**What you should do:**
Write out the full listing exactly.

**Information given:**
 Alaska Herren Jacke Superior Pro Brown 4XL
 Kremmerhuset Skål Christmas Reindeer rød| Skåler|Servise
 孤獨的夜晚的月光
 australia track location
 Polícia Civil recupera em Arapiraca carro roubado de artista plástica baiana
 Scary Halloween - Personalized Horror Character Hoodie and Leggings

**Expected answer:**
 Alaska Herren Jacke Superior Pro Brown 4XL
 Kremmerhuset Skål Christmas Reindeer rød| Skåler|Servise
 孤獨的夜晚的月光
 australia track location
 Polícia Civil recupera em Arapiraca carro roubado de artista plástica baiana
 Scary Halloween - Personalized Horror Character Hoodie and Leggings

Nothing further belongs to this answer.